Step 2: Key Formula or Approach:
We will use the operator method. The particular integral is given by \( y_p = \frac{1}{(D+1)^2} e^{-x}\log x \). We use the shift theorem: \( \frac{1}{f(D)} e^{ax}V(x) = e^{ax} \frac{1}{f(D+a)}V(x) \). Here, \(a=-1\) and \(V(x)=\log x\).
Step 3: Detailed Explanation:
Applying the shift theorem: \[ y_p = e^{-x} \frac{1}{((D-1)+1)^2} \log x = e^{-x} \frac{1}{D^2} \log x \] The operator \( \frac{1}{D} \) represents integration. Therefore, \( \frac{1}{D^2} \) means we need to integrate \(\log x\) twice with respect to x.

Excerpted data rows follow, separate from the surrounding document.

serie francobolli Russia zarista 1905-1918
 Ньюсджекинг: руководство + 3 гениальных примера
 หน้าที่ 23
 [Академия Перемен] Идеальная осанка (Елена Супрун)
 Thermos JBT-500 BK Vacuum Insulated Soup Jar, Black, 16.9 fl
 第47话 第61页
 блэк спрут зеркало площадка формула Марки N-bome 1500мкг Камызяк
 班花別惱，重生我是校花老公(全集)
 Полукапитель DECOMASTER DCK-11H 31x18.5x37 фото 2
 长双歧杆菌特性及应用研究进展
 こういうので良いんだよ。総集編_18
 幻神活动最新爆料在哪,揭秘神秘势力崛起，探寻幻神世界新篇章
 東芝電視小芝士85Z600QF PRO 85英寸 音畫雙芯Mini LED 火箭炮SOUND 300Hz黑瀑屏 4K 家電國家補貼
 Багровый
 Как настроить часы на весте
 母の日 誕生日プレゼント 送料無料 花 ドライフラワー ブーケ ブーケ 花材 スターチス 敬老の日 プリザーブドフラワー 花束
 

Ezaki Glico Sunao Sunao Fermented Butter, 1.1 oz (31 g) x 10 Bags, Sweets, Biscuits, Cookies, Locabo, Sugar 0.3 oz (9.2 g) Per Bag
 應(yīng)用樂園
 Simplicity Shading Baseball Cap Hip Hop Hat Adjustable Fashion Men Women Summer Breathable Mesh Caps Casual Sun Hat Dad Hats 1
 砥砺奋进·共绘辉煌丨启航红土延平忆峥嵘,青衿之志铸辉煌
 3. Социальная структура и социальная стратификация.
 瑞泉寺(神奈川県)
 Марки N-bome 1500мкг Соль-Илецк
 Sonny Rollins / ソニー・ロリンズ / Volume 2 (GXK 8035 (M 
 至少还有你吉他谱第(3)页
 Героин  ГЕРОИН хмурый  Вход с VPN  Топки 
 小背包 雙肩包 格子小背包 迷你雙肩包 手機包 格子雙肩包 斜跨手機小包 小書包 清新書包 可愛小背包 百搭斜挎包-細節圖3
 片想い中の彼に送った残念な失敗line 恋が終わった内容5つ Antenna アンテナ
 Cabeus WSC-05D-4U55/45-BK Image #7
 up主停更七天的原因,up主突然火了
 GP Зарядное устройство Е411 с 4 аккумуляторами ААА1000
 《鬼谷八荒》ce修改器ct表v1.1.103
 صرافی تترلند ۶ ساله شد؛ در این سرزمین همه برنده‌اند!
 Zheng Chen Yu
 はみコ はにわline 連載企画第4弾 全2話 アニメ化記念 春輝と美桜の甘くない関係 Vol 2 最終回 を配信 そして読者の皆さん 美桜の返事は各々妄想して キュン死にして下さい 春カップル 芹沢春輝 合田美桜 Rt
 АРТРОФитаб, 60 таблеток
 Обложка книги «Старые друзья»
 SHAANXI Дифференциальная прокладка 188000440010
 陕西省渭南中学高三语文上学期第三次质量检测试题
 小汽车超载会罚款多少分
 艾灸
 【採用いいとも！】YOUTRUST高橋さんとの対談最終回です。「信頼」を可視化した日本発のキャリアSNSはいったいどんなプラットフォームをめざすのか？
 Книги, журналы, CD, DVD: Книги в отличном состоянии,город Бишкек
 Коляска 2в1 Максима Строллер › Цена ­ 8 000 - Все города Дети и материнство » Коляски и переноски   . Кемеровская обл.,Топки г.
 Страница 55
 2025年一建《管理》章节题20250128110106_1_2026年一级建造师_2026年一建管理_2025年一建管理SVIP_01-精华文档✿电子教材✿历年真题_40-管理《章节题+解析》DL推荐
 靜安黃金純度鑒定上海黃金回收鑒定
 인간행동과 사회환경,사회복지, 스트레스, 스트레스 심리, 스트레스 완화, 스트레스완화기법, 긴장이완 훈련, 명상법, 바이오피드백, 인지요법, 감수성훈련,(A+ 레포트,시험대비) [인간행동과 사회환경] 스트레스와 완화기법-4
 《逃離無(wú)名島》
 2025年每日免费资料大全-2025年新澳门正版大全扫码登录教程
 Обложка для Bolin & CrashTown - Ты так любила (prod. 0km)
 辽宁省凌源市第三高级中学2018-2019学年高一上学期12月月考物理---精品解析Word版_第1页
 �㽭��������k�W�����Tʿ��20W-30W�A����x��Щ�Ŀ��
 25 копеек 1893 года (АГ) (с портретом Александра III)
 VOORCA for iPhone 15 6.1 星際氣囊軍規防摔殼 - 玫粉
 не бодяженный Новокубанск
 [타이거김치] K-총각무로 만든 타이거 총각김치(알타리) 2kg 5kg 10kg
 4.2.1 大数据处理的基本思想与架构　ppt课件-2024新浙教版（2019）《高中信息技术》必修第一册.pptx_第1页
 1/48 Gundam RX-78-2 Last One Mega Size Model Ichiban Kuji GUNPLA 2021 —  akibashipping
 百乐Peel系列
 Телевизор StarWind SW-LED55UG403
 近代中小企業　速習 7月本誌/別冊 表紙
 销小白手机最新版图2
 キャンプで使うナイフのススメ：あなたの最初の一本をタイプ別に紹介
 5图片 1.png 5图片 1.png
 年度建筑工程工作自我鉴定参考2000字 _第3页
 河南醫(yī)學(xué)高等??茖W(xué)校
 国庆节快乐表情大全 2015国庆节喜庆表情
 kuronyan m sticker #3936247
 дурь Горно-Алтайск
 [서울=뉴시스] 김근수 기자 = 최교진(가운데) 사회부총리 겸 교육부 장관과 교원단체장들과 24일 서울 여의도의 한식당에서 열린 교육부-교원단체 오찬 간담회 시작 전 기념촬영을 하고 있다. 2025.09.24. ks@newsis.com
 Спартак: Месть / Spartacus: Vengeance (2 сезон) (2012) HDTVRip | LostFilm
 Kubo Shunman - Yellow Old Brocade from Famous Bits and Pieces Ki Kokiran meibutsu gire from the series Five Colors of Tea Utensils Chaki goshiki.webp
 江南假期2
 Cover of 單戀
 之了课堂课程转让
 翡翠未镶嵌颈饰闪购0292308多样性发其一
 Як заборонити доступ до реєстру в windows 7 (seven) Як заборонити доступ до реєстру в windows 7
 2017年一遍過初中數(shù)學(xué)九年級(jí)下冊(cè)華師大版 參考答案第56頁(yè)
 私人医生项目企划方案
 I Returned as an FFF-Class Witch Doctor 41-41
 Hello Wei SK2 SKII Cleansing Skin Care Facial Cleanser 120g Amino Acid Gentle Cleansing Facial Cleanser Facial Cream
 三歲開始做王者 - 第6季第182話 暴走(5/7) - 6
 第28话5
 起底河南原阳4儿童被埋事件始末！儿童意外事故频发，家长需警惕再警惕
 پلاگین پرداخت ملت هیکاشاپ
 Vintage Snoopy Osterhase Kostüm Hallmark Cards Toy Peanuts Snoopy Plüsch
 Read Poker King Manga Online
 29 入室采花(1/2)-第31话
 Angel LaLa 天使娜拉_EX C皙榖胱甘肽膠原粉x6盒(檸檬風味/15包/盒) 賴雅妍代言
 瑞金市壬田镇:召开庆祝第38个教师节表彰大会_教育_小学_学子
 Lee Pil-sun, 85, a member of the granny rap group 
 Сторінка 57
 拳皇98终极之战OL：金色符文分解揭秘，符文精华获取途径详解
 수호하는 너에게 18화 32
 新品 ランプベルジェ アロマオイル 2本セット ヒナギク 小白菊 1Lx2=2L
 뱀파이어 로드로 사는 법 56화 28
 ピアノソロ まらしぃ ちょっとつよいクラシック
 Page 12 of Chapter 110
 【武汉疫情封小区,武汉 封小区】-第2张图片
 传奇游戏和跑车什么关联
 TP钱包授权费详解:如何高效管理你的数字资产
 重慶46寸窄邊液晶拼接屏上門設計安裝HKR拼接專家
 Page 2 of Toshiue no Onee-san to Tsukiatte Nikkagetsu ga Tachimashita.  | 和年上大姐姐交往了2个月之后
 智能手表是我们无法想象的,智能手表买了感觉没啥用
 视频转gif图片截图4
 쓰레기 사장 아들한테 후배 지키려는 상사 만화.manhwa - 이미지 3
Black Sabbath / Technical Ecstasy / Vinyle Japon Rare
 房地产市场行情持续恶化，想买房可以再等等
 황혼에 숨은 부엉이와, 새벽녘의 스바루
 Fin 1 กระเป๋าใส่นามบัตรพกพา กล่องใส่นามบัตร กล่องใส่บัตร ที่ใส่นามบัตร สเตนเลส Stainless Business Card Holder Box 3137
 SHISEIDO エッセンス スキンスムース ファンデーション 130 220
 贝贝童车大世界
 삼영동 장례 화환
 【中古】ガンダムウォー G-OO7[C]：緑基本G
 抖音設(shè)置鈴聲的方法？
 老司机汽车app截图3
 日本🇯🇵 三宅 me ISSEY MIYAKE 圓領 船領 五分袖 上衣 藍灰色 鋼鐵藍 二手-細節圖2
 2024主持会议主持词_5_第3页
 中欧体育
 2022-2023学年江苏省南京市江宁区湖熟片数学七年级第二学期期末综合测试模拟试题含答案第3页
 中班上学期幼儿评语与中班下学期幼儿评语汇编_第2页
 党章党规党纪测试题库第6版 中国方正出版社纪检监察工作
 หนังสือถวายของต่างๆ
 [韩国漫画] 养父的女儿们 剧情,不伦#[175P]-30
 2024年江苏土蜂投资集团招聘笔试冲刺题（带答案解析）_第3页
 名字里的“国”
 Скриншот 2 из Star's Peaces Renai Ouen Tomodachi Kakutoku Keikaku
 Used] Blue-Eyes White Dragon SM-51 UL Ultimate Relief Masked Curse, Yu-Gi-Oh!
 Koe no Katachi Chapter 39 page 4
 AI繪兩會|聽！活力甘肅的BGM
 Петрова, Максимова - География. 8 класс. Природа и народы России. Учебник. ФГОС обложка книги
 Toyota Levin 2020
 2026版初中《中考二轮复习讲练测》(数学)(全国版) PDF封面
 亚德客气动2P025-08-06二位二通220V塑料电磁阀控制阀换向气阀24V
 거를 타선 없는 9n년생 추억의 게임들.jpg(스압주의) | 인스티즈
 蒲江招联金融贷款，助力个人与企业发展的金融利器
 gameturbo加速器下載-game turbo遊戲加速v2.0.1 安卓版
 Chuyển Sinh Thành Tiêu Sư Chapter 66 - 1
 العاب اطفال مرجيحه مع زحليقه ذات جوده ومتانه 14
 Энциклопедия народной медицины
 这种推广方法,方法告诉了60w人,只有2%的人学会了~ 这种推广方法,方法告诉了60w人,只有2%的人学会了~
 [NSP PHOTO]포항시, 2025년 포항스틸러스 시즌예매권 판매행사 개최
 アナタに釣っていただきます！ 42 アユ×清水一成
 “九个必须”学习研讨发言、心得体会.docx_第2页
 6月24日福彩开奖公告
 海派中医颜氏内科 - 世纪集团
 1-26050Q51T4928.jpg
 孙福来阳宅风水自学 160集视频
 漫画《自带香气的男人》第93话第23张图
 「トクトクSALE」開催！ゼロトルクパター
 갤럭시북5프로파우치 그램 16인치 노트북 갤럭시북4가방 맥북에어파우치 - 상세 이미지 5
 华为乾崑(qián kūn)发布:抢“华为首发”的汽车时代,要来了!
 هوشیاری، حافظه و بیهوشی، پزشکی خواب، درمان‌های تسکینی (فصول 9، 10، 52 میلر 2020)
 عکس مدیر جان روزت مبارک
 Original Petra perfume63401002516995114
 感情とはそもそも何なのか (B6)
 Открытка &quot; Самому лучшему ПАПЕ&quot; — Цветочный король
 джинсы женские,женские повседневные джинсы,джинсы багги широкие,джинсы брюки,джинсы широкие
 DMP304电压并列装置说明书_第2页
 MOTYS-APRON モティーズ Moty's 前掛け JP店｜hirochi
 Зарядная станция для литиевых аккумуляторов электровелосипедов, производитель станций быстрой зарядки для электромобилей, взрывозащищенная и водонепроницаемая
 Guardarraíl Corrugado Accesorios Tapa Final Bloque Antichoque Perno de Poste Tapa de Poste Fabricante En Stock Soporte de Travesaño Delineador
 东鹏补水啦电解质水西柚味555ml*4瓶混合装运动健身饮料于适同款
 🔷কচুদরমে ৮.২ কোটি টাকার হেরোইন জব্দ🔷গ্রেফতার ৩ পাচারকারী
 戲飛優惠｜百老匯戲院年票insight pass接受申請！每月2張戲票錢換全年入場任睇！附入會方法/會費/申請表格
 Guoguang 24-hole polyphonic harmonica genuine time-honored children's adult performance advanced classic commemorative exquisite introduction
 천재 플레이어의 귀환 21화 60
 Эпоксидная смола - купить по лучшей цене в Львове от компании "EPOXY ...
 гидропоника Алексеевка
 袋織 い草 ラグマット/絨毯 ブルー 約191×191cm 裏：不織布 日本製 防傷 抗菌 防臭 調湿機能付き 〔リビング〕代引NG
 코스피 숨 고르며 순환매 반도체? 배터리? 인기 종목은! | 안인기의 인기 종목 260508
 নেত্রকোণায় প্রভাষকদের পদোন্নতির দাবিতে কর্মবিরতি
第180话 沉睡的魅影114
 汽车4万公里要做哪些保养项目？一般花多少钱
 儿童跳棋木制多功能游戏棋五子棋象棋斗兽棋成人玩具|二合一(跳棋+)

First Integration: We use integration by parts for \( \int \log x \, dx \): Let \(u=\log x\) and \(dv=dx\). Then \(du = \frac{1}{x}dx\) and \(v=x\). \[ \frac{1}{D}(\log x) = \int \log x \, dx = x\log x - \int x \cdot \frac{1}{x} dx = x\log x - \int 1 \, dx = x\log x - x \] Second Integration: \[ \frac{1}{D^2}(\log x) = \int (x\log x - x) \, dx = \int x\log x \, dx - \int x \, dx \] For \( \int x\log x \, dx \), we use integration by parts again: Let \(u=\log x\) and \(dv=x dx\). Then \(du = \frac{1}{x}dx\) and \(v=\frac{x^2}{2}\). \[ \int x\log x \, dx = (\log x)\frac{x^2}{2} - \int \frac{x^2}{2} \cdot \frac{1}{x} dx = \frac{x^2}{2}\log x - \int \frac{x}{2} dx = \frac{x^2}{2}\log x - \frac{x^2}{4} \] The second term is \( \int x \, dx = \frac{x^2}{2} \). Combining these: \[ \frac{1}{D^2}(\log x) = \left(\frac{x^2}{2}\log x - \frac{x^2}{4}\right) - \frac{x^2}{2} = \frac{x^2}{2}\log x - \frac{3x^2}{4} \] Now, we find \(y_p\): \[ y_p = e^{-x} \left( \frac{x^2}{2}\log x - \frac{3x^2}{4} \right) \] Comparing with the options: The derived solution is in its simplest form. The options are not. We must simplify the correct option to see if it matches our result. Let's simplify option (B): \[ \frac{x^2e^{-x}}{2}\left(\frac{1}{2}-\log_e x\right) + x^2e^{-x}(\log_e x - 1) \] \[ = \left(\frac{x^2e^{-x}}{4} - \frac{x^2e^{-x}}{2}\log x\right) + (x^2e^{-x}\log x - x^2e^{-x}) \] Group the terms: \[ = e^{-x}\left(\frac{x^2}{4} - x^2\right) + e^{-x}\log x\left(-\frac{x^2}{2} + x^2\right) \] \[ = e^{-x}\left(-\frac{3x^2}{4}\right) + e^{-x}\log x\left(\frac{x^2}{2}\right) \] \[ = e^{-x}\left(\frac{x^2}{2}\log x - \frac{3x^2}{4}\right) \] This matches our derived particular integral. Step 4: Final Answer:
The particular integral is given by option (B), which simplifies to the correctly derived expression.